How could language exert this stranglehold? It would if words and phrases were the medium of thought itself, an idea that falls naturally out of the Blank Slate. If there is nothing in the intellect that was not first in the senses, then words picked up by the ears are the obvious source of any abstract thought that cannot be reduced to sights, smells, or other sounds. Watson tried to explain thinking as microscopic movements of the mouth and throat; Skinner hoped his 1957 book Verbal Behavior, which explained language as a repertoire of rewarded responses, would bridge the gap between pigeons and people.
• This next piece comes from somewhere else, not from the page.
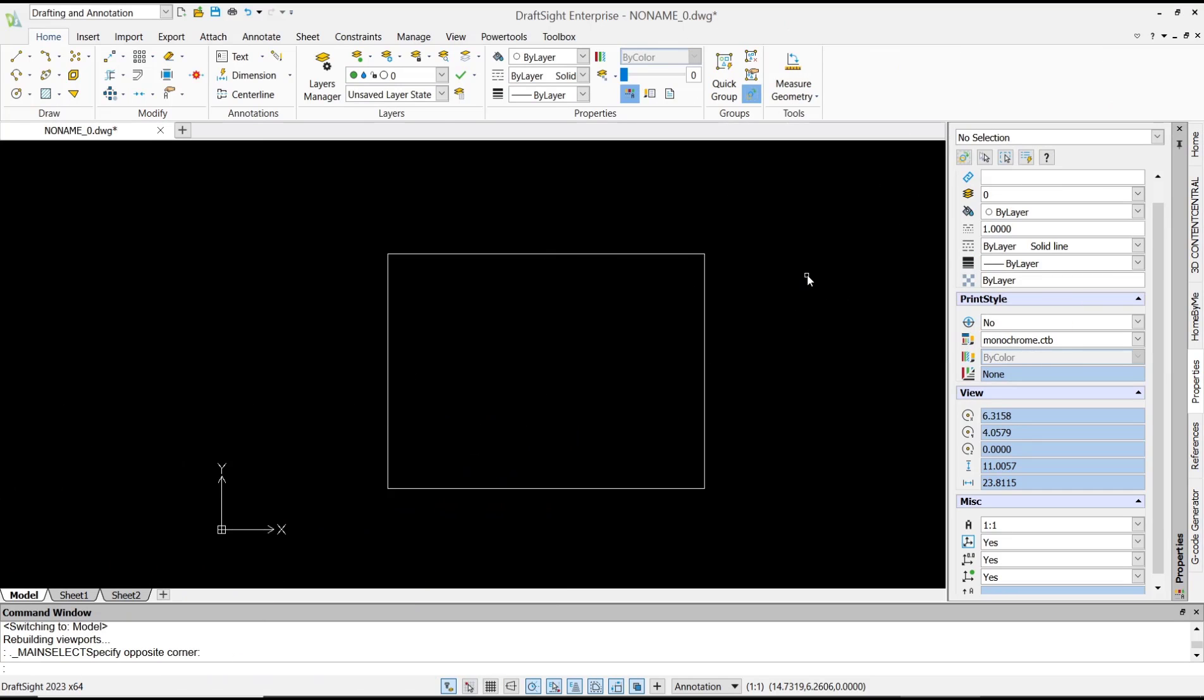Hello everyone, today we are going to learn basic DraftSight tutorial: how to lock and unlock viewport. You can go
The other social sciences also tended to equate language with thought. Boas’s student Edward Sapir called attention to differences in how languages carve up the world into categories, and Sapir’s student Benjamin Whorf stretched those observations into the famous Linguistic Determinism hypothesis: “We cut nature up, organize it into concepts, and ascribe significances as we do, largely because we are parties to an agreement to organize it in this way—an agreement that holds throughout our speech community and is codified in the patterns of our language. The agreement is, of course, an implicit and unstated one, but its terms are absolutel
y obligatory!”24 More recently, the anthropologist Clifford Geertz wrote that “thinking consists not of ‘happenings in the head’ (though happenings there and elsewhere are necessary for it to occur) but of a traffic in what have been called… significant symbols—words for the most part.”25
As with so many ideas in social science, the centrality of language is taken to extremes in deconstructionism, postmodernism, and other relativist doctrines. The writings of oracles like Jacques Derrida are studded with such aphorisms as “No escape from language is possible,” “Text is self-referential,” “Language is power,” and “There is nothing outside the text.” Similarly, J. Hillis Miller wrote that “language is not an instrument or tool in man’s hands, a submissive means of thinking. Language rather thinks man and his ‘world’… if he will allow it to do so.”26 The prize for the most extreme statement must go to Roland Barthes, who declared, “Man does not exist prior to language, either as a species or as an individual.”27
The ancestry of these ideas is said to be from linguistics, though most linguists believe that deconstructionists have gone off the deep end. The original observation was that many words are defined in part by their relationship to other words. For example, he is defined by its contrast with I, you, they, and she, and big makes sense only as the opposite of little. And if you look up words in a dictionary, they are defined by other words, which are defined by still other words, until the circle is completed when you get back to a definition containing the original word. Therefore, say the deconstructionists, language is a self-contained system in which words have no necessary connection to reality. And since language is an arbitrary instrument, not a medium for communicating thoughts or describing reality, the powerful can use it to manipulate and oppress others. This leads in turn to an agitation for linguistic reforms: neologisms like co or na that would serve as gender-neutral pronouns, a succession of new terms for racial minorities, and a rejection of standards of clarity in criticism and scholarship (for if language is no longer a window onto thought but the very stuff of thought, the metaphor of “clarity” no longer applies).